++++ INPUT RECORDS ++++

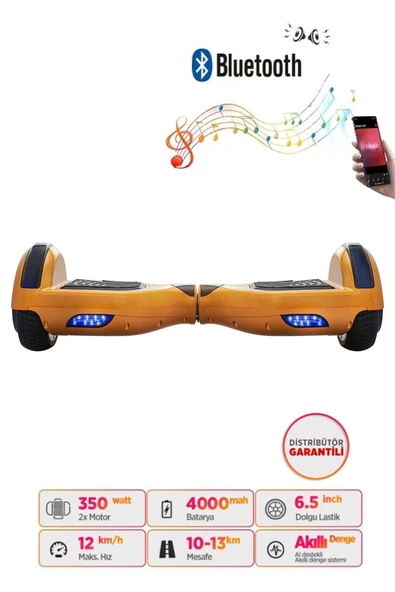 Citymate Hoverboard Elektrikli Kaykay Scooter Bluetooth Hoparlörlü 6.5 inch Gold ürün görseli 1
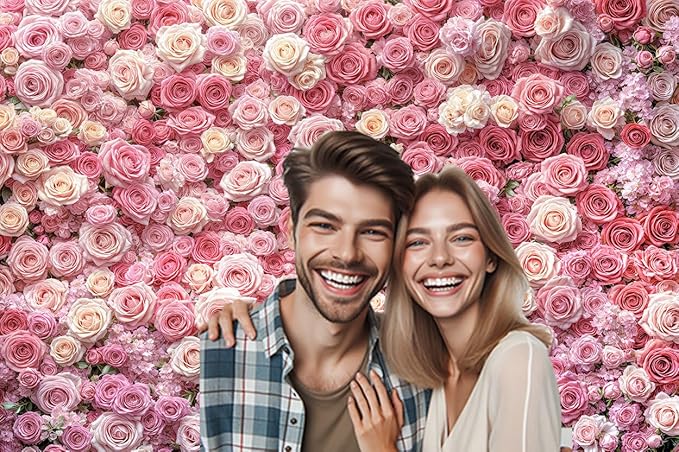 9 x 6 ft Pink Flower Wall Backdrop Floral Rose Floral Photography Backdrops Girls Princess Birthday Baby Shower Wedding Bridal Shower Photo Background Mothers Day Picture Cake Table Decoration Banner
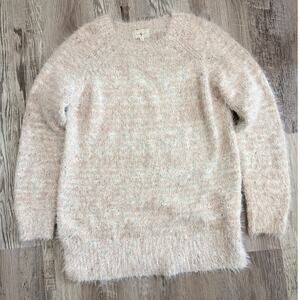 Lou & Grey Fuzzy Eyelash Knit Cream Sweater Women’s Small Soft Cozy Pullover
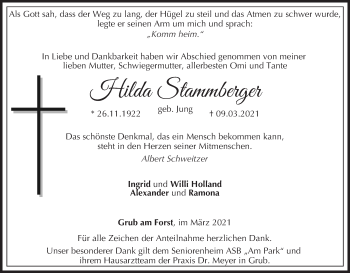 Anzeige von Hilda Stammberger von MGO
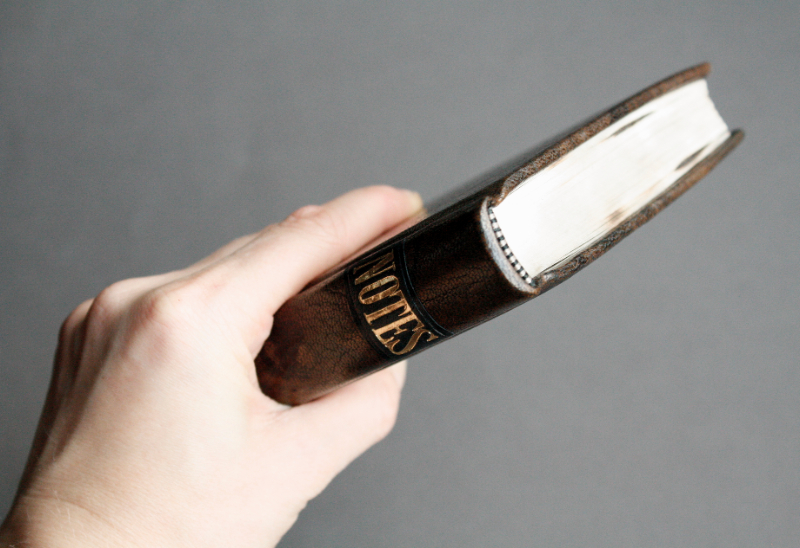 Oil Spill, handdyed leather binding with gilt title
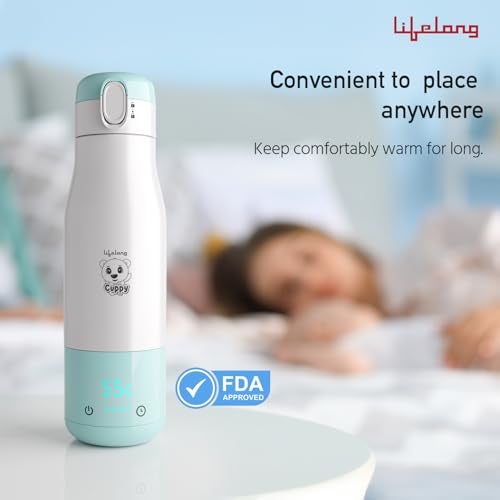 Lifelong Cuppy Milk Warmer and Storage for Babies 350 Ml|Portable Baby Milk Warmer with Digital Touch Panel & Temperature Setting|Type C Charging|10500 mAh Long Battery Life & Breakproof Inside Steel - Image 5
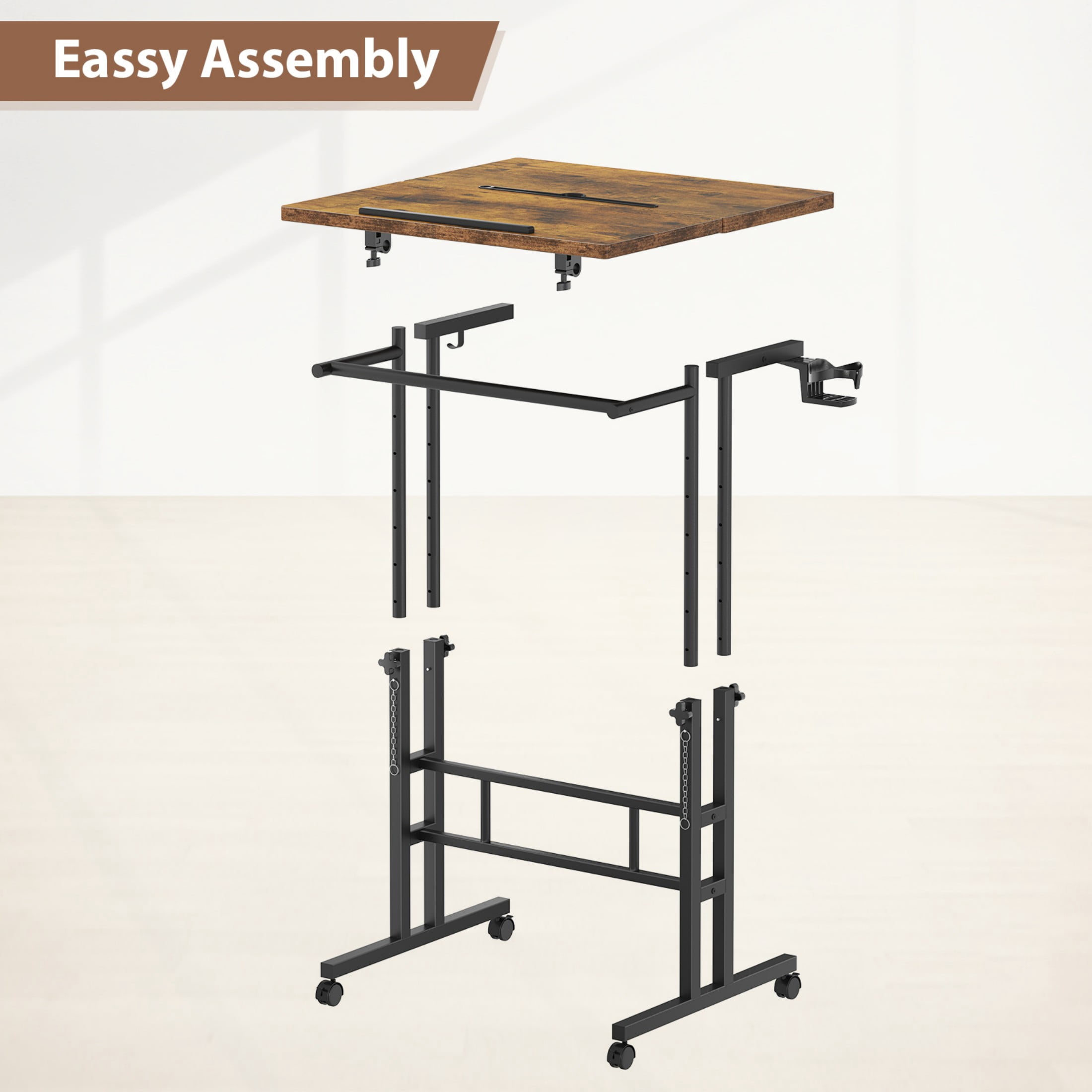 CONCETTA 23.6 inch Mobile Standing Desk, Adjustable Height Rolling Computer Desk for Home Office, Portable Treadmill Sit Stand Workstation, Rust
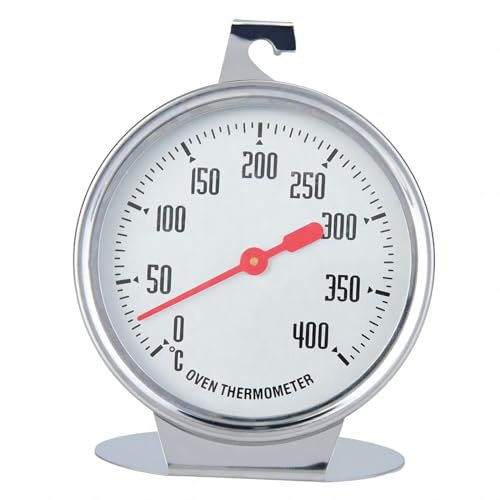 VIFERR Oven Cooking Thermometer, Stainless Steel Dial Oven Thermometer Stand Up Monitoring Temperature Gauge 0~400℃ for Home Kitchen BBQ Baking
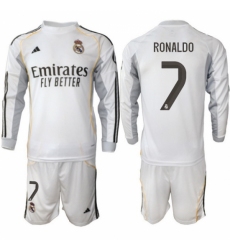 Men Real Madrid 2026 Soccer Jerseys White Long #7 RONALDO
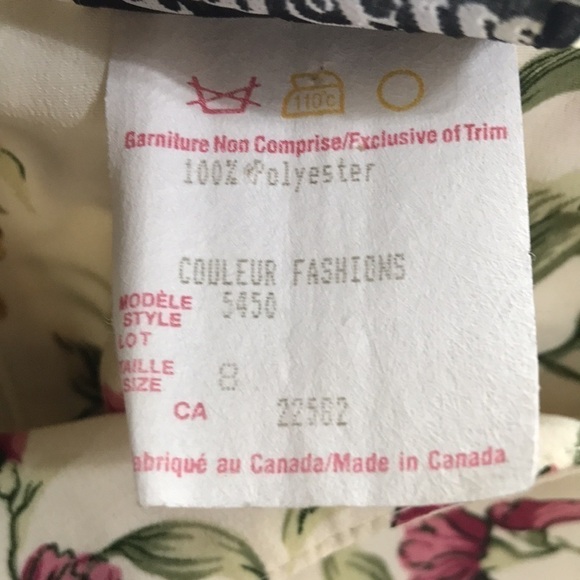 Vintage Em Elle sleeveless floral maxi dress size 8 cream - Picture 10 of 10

++++
++++ INPUT RECORDS ++++

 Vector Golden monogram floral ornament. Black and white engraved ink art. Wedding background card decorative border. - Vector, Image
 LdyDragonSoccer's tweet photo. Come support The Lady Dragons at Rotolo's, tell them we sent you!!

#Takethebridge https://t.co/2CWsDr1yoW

++++

◆ **TASK PROMPT**:
With the pictures omitted, copy the entries above exactly from the line containing "Citymate Hoverboard Elektrikli" through the line containing "9 x 6 ft Pink", both lines included.

◆ **TASK SOLUTION**:
 Citymate Hoverboard Elektrikli Kaykay Scooter Bluetooth Hoparlörlü 6.5 inch Gold ürün görseli 1
 9 x 6 ft Pink Flower Wall Backdrop Floral Rose Floral Photography Backdrops Girls Princess Birthday Baby Shower Wedding Bridal Shower Photo Background Mothers Day Picture Cake Table Decoration Banner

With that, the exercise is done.